- **WHAT THE TASK ASKS**: Return every record verbatim.

- **SUPPLIED ENTRIES**:
- Opening Delimiter -

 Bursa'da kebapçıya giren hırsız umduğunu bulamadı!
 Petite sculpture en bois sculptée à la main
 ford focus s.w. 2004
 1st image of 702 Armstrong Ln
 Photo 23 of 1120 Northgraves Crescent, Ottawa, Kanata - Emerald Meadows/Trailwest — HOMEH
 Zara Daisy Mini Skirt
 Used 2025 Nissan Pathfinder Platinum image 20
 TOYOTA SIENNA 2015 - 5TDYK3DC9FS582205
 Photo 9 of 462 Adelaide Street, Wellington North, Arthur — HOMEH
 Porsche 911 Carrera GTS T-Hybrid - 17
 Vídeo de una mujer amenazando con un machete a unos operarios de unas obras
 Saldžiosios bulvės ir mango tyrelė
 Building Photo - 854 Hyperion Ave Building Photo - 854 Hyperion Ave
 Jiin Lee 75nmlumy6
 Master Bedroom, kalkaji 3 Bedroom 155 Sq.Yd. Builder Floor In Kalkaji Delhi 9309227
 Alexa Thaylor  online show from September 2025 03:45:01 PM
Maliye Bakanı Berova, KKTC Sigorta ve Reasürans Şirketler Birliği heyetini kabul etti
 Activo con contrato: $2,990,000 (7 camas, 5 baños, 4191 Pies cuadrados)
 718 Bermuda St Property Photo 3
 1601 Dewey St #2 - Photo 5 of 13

- Closing Delimiter -

- **ANSWER BELOW**:
 Bursa'da kebapçıya giren hırsız umduğunu bulamadı!
 Petite sculpture en bois sculptée à la main
 ford focus s.w. 2004
 1st image of 702 Armstrong Ln
 Photo 23 of 1120 Northgraves Crescent, Ottawa, Kanata - Emerald Meadows/Trailwest — HOMEH
 Zara Daisy Mini Skirt
 Used 2025 Nissan Pathfinder Platinum image 20
 TOYOTA SIENNA 2015 - 5TDYK3DC9FS582205
 Photo 9 of 462 Adelaide Street, Wellington North, Arthur — HOMEH
 Porsche 911 Carrera GTS T-Hybrid - 17
 Vídeo de una mujer amenazando con un machete a unos operarios de unas obras
 Saldžiosios bulvės ir mango tyrelė
 Building Photo - 854 Hyperion Ave Building Photo - 854 Hyperion Ave
 Jiin Lee 75nmlumy6
 Master Bedroom, kalkaji 3 Bedroom 155 Sq.Yd. Builder Floor In Kalkaji Delhi 9309227
 Alexa Thaylor  online show from September 2025 03:45:01 PM
Maliye Bakanı Berova, KKTC Sigorta ve Reasürans Şirketler Birliği heyetini kabul etti
 Activo con contrato: $2,990,000 (7 camas, 5 baños, 4191 Pies cuadrados)
 718 Bermuda St Property Photo 3
 1601 Dewey St #2 - Photo 5 of 13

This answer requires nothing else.